Every character returned by the recognizer will have a confidence level
associated with it. If that confidence level is less than the value of
clTryDictionary, that character will not be included in any enumeration
sent to the dictionary. For example, if the user enters "{1|l}ow" and the
recognizer reports that the confidence level for "1" is 60 and the
confidence for "l" is 40 when the "cut off" threshold, clTryDictionary, is
50, the dictionary will only be called with the symbol values "1ow". (NOTE:
This process of enumeration using clTryDictionary is under refinement; it
may change in some future prerelease.)
rc.dwDictParam
This variable is reserved for dictionaries that require more specific
information when called by the system. The information placed in this
variable is passed on to the dictionary function as the ID parameter.
Applications can use this variable to store information that might be very
specific to the RC structure that the application is currently using. When
using this variable, it is important that the application controls what
dictionary will be called because the dwDictParam is sent to every
dictionary in the list. For this reason, if this variable is used, the
application should be aware of all the dictionaries in the list so that
only the dictionaries that can support this ID value will receive the
message.
There are ways to invoke the dictionary other than placing the dictionary
function callback address in the rc.rglpdf list. Every WM_RCRESULT message
contains the symbol graph that represents that user's input. To simulate
the operations of the system, an application can call the
DictionarySearch() function and it will mimic the calls that the system
makes before the application receives the WM_RCRESULT message. This can be
useful for calling a dictionary with information that needs to be
"recognized" in context. For example, if the user writes "at" on top of
the "is" in the word "this", it might be useful to have the application
defer the dictionary search until after it receives the WM_RCRESULT
message. The application would then call the DictionarySearch() function
with the symbol graph "that" instead of having the system call the
dictionary with "at".
MESSAGES
When designing a dictionary, it is necessary to be aware of the messages
that are required to support system services and the messages that support
desired enhanced functionality. The most important message is the
DIRQ_STRING message. If the dictionary is ever called by the system, it
will be called with the DIRQ_STRING message.

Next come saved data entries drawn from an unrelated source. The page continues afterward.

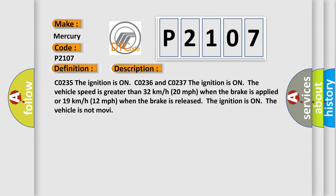CO235, the ignition is on. CO236 and CO237, the ignition is on, the vehicle speed is greater than 32 kilometers per hour, 20 miles per hour when the brake is applied, or 19 kilometers per hour, 12 miles per hour when the brake is released. The ignition is on, the vehicle is not moving.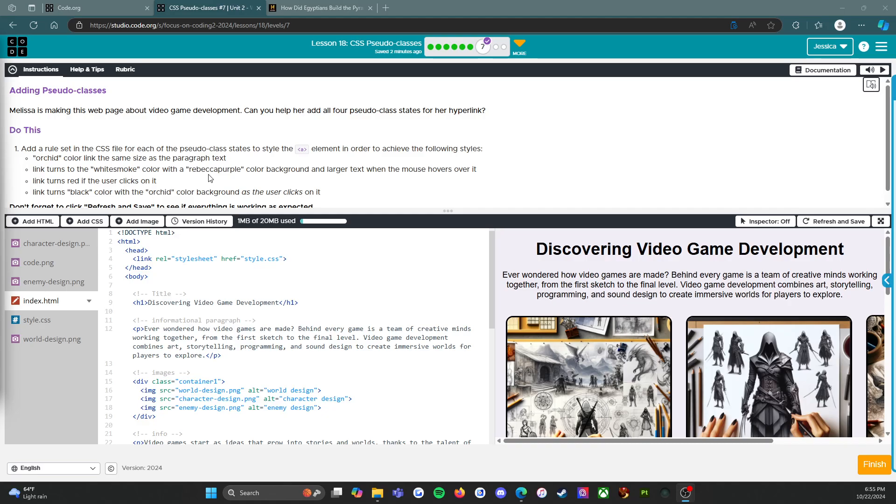Link turns red if the user clicks on it. Link turns black color with the orchid color background as the user clicks on it.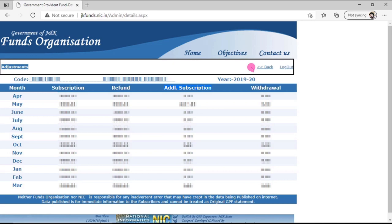So this was all about how you can check your GPFund credentials or balance sheet online. If you find this video useful, share it with your friends and let them know how they can check their GPFund online. Do subscribe to my channel.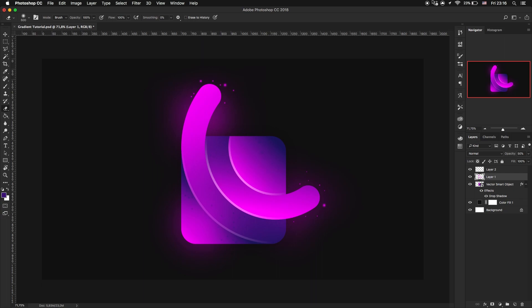Hey guys it's Proxy on YouTube and today I'm gonna show you how you can create awesome effects using mostly Adobe Illustrator.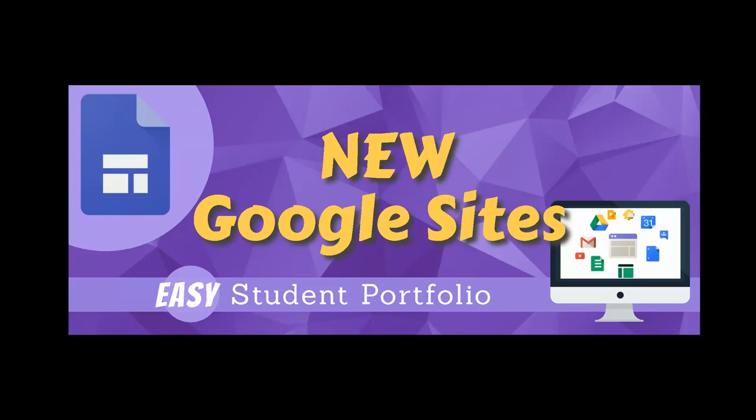Hi there! If you want to create your own student portfolio, Google Sites is a pretty cool tool to use. It's free and it's pretty simple. So let me show you how I created mine.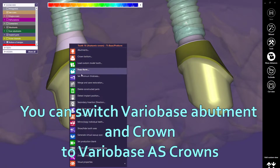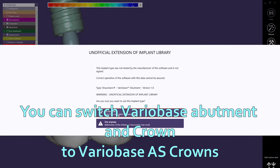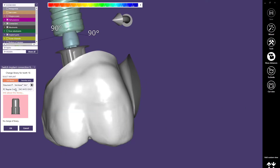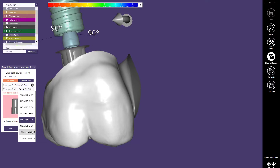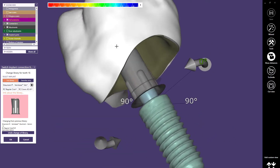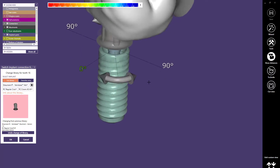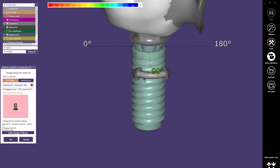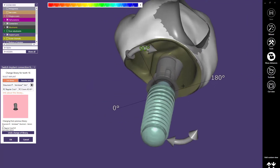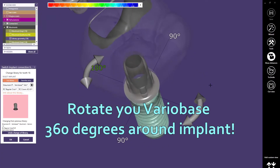You can switch Titanium Bases to pick the ones which you would like to use for your case. Then rotate them to change position as you need to.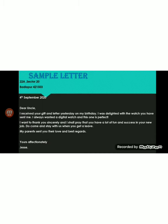Here is a sample letter which you can write down in your grammar notebook. As mentioned, the address of the writer appears on the left side at the beginning — for example: 22A, Sector 20, Badlapur, 421503. Then a space, followed by the date: '4th September 2020,' the day when you are writing the letter. Then a space and 'Dear Uncle comma.'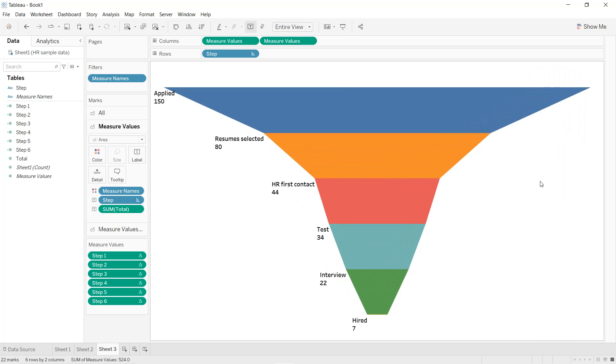That's it for the different steps to create a funnel chart in Tableau using three techniques. I hope you have learned new things — thanks for watching and see you in the next tutorial.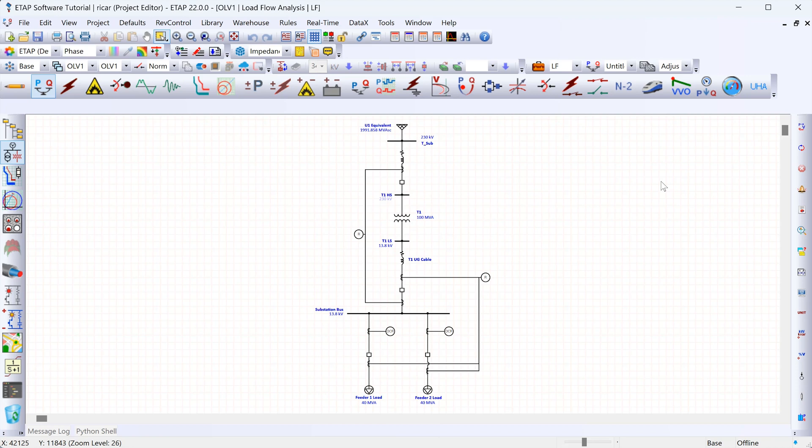The swing bus represents a large generator which has ample capacity to maintain the system's voltage and frequency no matter what the load is. So when we run the load flow study, the bus defined as the swing bus will have this fixed voltage magnitude and fixed phase angle no matter what the load in the system is.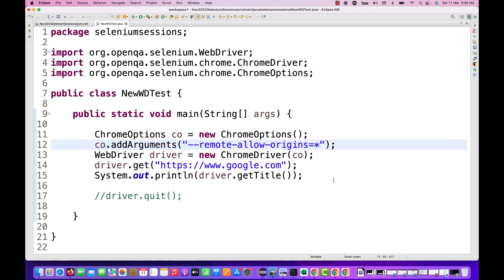It means the request is coming from any client or any request or any specific origin client that we are giving. Just make sure that you're giving equals star here and that's it.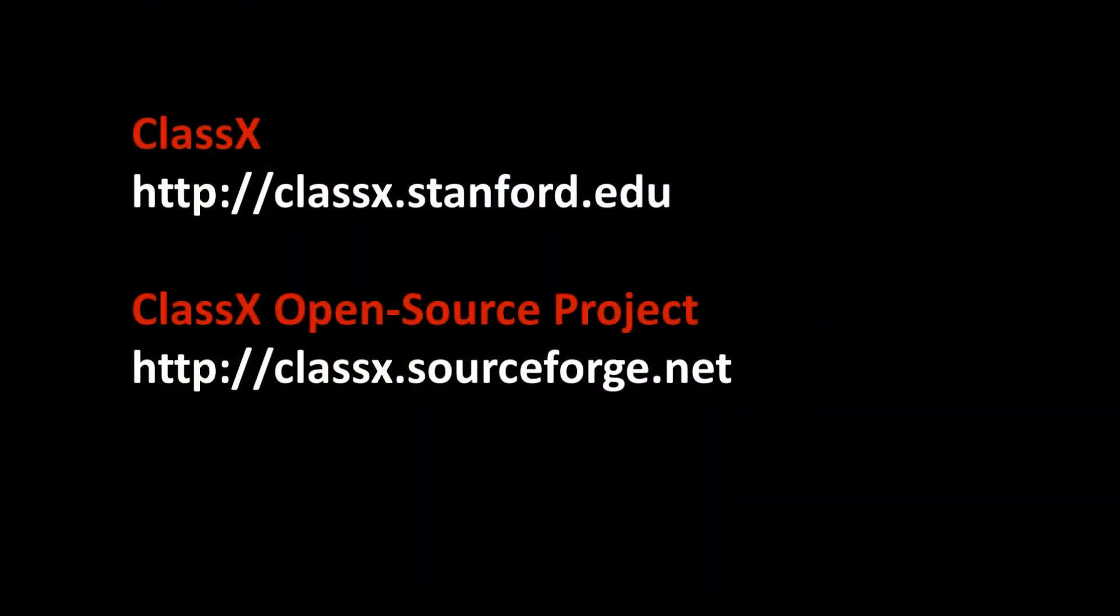For more information, please go to the ClassX homepage at classx.stanford.edu or visit the ClassX open source project page at classx.sourceforge.net. Thank you for your attention.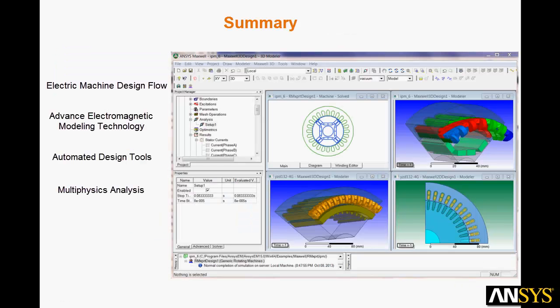In this video we introduced the ANSYS electric machine design flow that covers initial design to electromagnetics with multiphysics and systems. We have developed the most advanced modeling technology so that you can predict motor electromagnetic behavior accurately. Automated tools produce efficiency maps and torque speed curves and even provide you with optimal operating points. We showed you how you can use the multiphysics coupling analysis to predict thermal behavior, stress, and acoustic noise. Thanks for watching.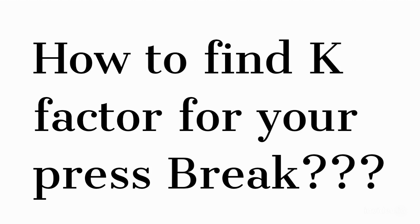Like this video because this is a very important video in the field of sheet metal industry. This video will show you how to find the k-factor on your press brake and how to make an excel sheet for k-factor calculation.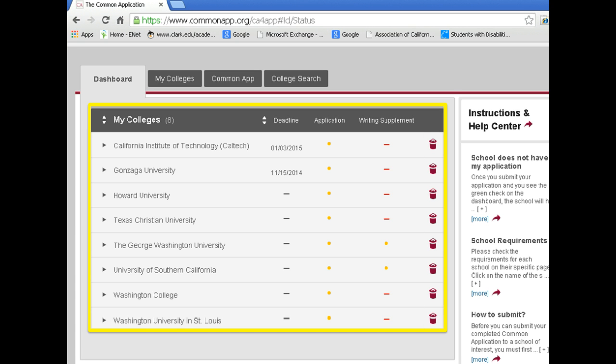The dashboard is pretty straightforward — it's just like the name implies. It's a place where you can keep track of data at a high level and toggle back and forth between the dashboard, my colleges, and the common app section to make sure you complete all your applications thoroughly and on time.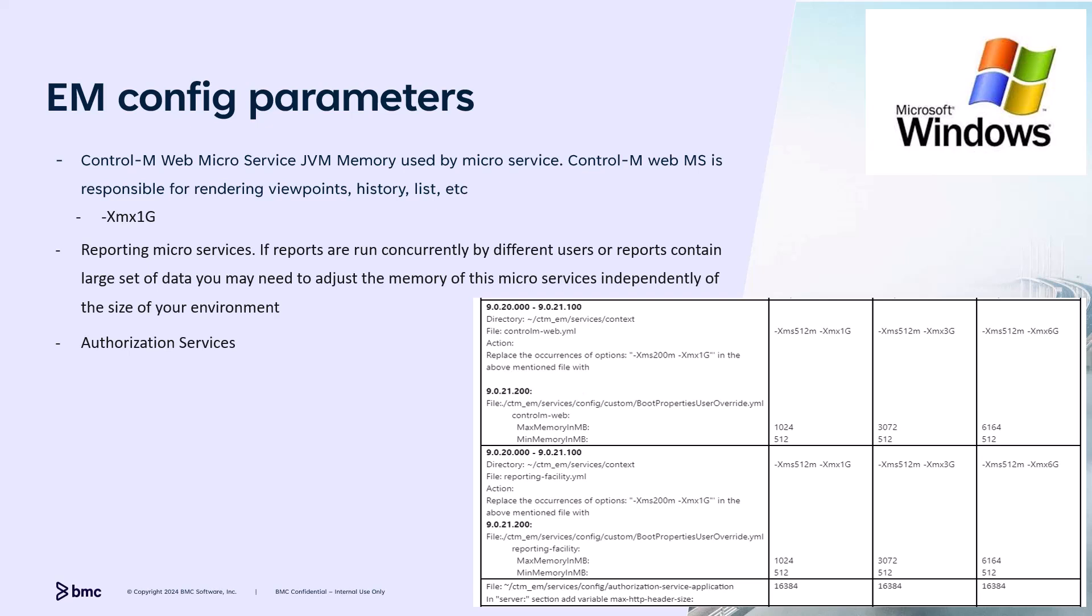The next microservice is reporting. If reports are run concurrently by different users or reports contain a large set of data, you may need to adjust this memory for this microservice independently of the size of your environment. The last microservice in this list is authorization service. The parameter value for microservice is independent of the size of your Control-M environment. It's more related to the structure and the complexity of your active directory.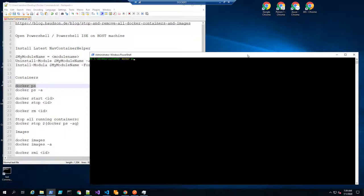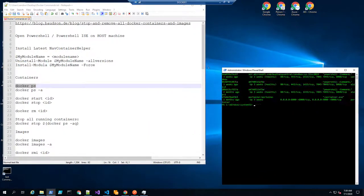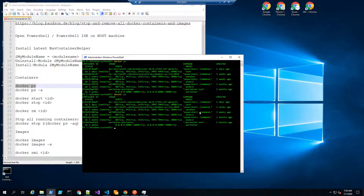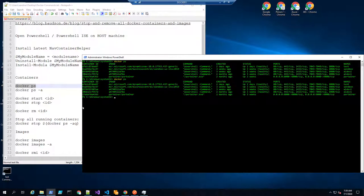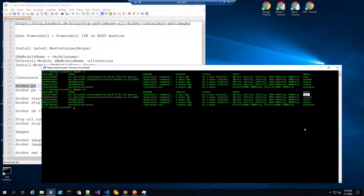Docker PS will show you a list of your Docker containers that are running. If you have a typically sized PowerShell window it wraps and is a little hard to read, so you can make it wider. Here I can see my container ID, that it is up two days and healthy, and the name is 'Test'. This is your BC container name.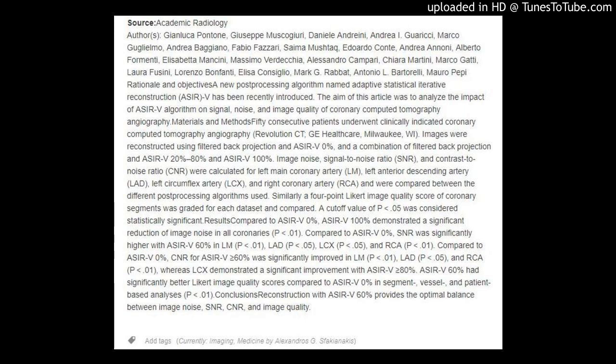Images were also reconstructed using a combination of filtered back projection and ASRIV 20% to 80%, and ASRIV 100%. Image noise, signal-to-noise ratio (SNR), and contrast-to-noise ratio (CNR) were calculated for left main coronary artery (LM), left anterior descending artery (LAD), left circumflex artery (LCX), and right coronary artery (RCA), and were compared between the different post-processing algorithms. A 4-point Likert image quality score of coronary segments was graded for each dataset and compared. A cut-off value of p<0.05 was considered statistically significant.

All other messages are
optional.
The messages, defined by Microsoft, can be combined into logical groups.
There are basically three different types of messages: system messages,
dynamic manipulation messages, and other messages. The system messages
include: DIRQ_STRING, DIRQ_RCCHANGE, and DIRQ_SUGGEST. The dynamic
manipulation messages include: DIRQ_ADD, DIRQ_CLOSE, DIRQ_DELETE,
DIRQ_FLUSH, DIRQ_OPEN, DIRQ_SAVE, and DIRQ_SETWORDLISTS. Other messages
include: DIRQ_CONFIGURE, DIRQ_DESCRIPTION, DIRQ_QUERY, and DIRQ_USER. The
dictionary may support any number of these messages. The following few
paragraphs describe the intent of the messages and when they might be used.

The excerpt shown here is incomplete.